Knowing your Nearest Neignbors

k-NN — Getting to know your nearest neighbors


Photo Evolving Science

This article is part of a BAI series exploring 10 basic machine learning algorithms*

It’s early evening, sometime next year, along the High Line in NYC after a series of customer meetings. You stop at an outdoor wine bar for your first glass of wine and some nibbles. Seated with your drink, you begin wondering about your Nearest Neighbors...



You can’t resist pulling out your mobile phone to try out its new facial recognition technology. In near real-time the app identifies the people around you, their work history, their friends and common interests. Beyond the privacy concerns, what is k-NN, how does it work, what are its use scenarios in Data Science, and how has it facilitated innovations in facial recognition technologies?

k-NN is a machine learning algorithm has been used widely since the nineteen seventies to analyze data in supervised learning environments. It’s popularity stems from its ease of use, and its clearly understandable results. The “k” in k-NN refers to the number of nearest neighbors used to classify or predict outcomes in a data set. The classification or prediction of each new observation is calculated in regard to a specified distance (i.e. Nearest Neighbor) based on weighted averages. k-NN analysis is a logical choice when there is little prior knowledge of the distribution of the observations in the data.

An example of k-NN classification — Adi Bronshtein

We use k-NN when we are given a labeled data set of training observations with the goal of capturing the relationship between each observation. This relationship of similarity is expressed as a distance metric between data points. The intervals between observations is measured as Euclidean, Manhattan, Chebyshev, Hamming distance or even Cosine Similarity. k-NN is a non-parametric algorithm in that it makes no explicit assumptions about the functional form of the relationship. It is also an example of instance-based learning in the sense that it focuses directly on the training instances rather than applying a specific data model.

The k-NN algorithm processes the entire data set rather than training a subset of the data. The number of nearest neighbors (k) is a hyperparameter than the Data Scientist picks in order to get the best possible fit for the data set. When the number k is small we are restraining the region of prediction and rendering the classifier less sensitive the overall distribution. For classification problems this could be the most common class value. For regression problems, this could be the mean output variable.
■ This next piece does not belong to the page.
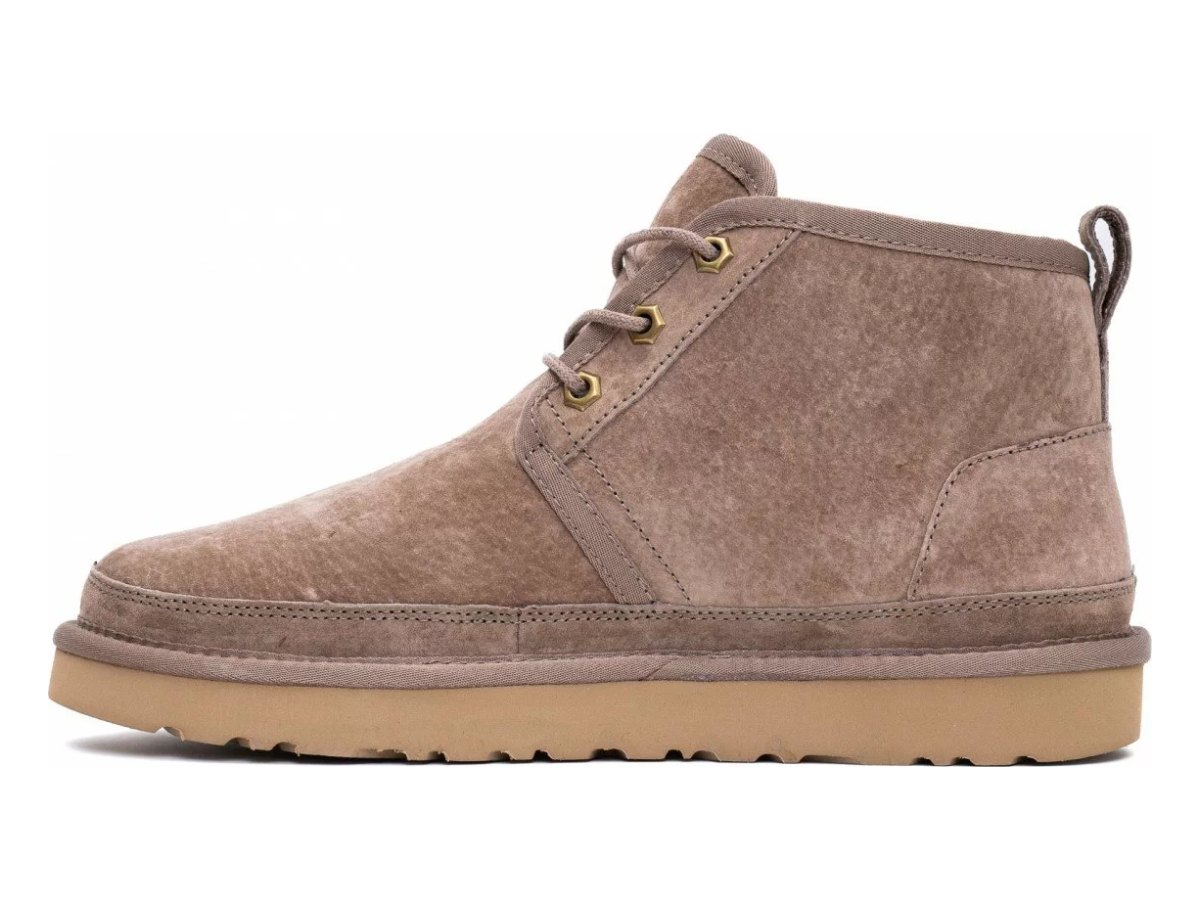 UGG Neumel Cappuccino — вид «спереди»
When would you use k-NN? The algorithm is deployed in concept search, where the data scientist is searching semantically for similar documents. Discovery is another use scenario, where the algorithm can be used to find all the e-mails, briefs, contracts, etc. relevant to given question. Recommendation systems often integrate k-NN for if you know that a customer likes a particular item, you can then recommend similar items to them. Finally, k-NN is often used as a benchmark for more complex classifiers such as Artificial Neural Networks (ANN) and Support Vector Machines (SVM).[1]
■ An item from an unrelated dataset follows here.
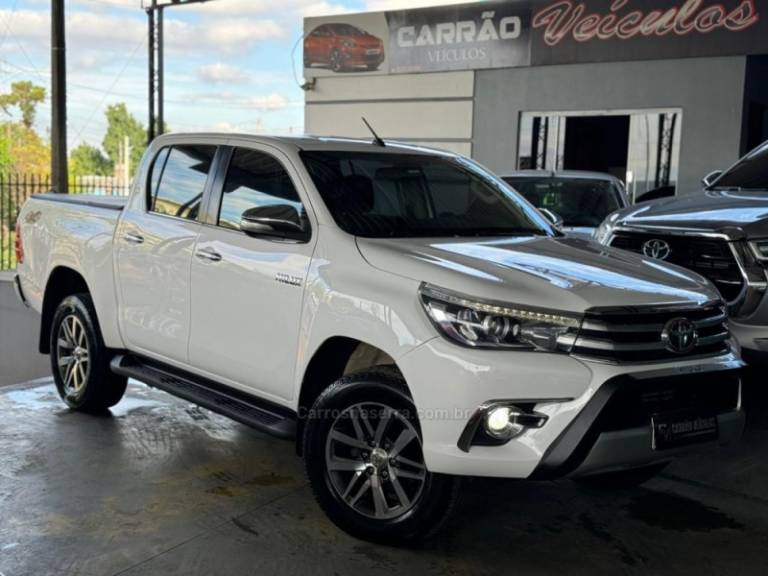 TOYOTA - HILUX - 2016/2016 - Branca - Sob Consulta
A k-NN classifier example using the CIIFAR 10 dataset — — Andrej Karpathy

What are the limits of his algorithm? The prediction is more resilient to outliers when the hyperparameter k is high. K-NN also suffer from skewed class distributions if a class of observations is very frequent in the data. k-NN’s ease of use comes at a cost in terms of both memory and computation since using k-NN requires processing the whole data set rather than a sample. For all of these reasons, the k-NN algorithm may not be practical in industrial settings.
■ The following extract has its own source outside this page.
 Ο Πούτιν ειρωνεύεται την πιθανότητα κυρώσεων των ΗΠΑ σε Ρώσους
There are several techniques to improve the algorithm’s pertinence. Rescaling the data can make the distance metrics more meaningful. Changing the nature of the distance metric may help improve the accuracy of the classifications/predictions (for example substituting Hamming or Manhattan for Euclidian distance). Dimensionality reduction techniques like PCA can be executed prior to applying k-NN to provide more manageable results. Finally, storing the training observations using approximate Nearest Neighbor techniques like k-d trees can be used to decrease testing time.

Getting back to facial recognition and the wine bar on the High Line, k-NN plays a fundamental role in applications like those of Herta Security.[2] Given the nature of the application, it would be both challenging and costly to train a separate classifier for each person in the city. Herta’s data scientists have developed deep learning algorithms to generate feature vectors representing people’s faces. The application then uses k-NN to identify individuals comparing their faces to a watchlist. Once a referential is identified, it can be linked to whatever databases are available. As you are sipping that second glass of wine, you might mull over the ethics of facial recognition as knowing your nearest neighbors is well within your reach.[3]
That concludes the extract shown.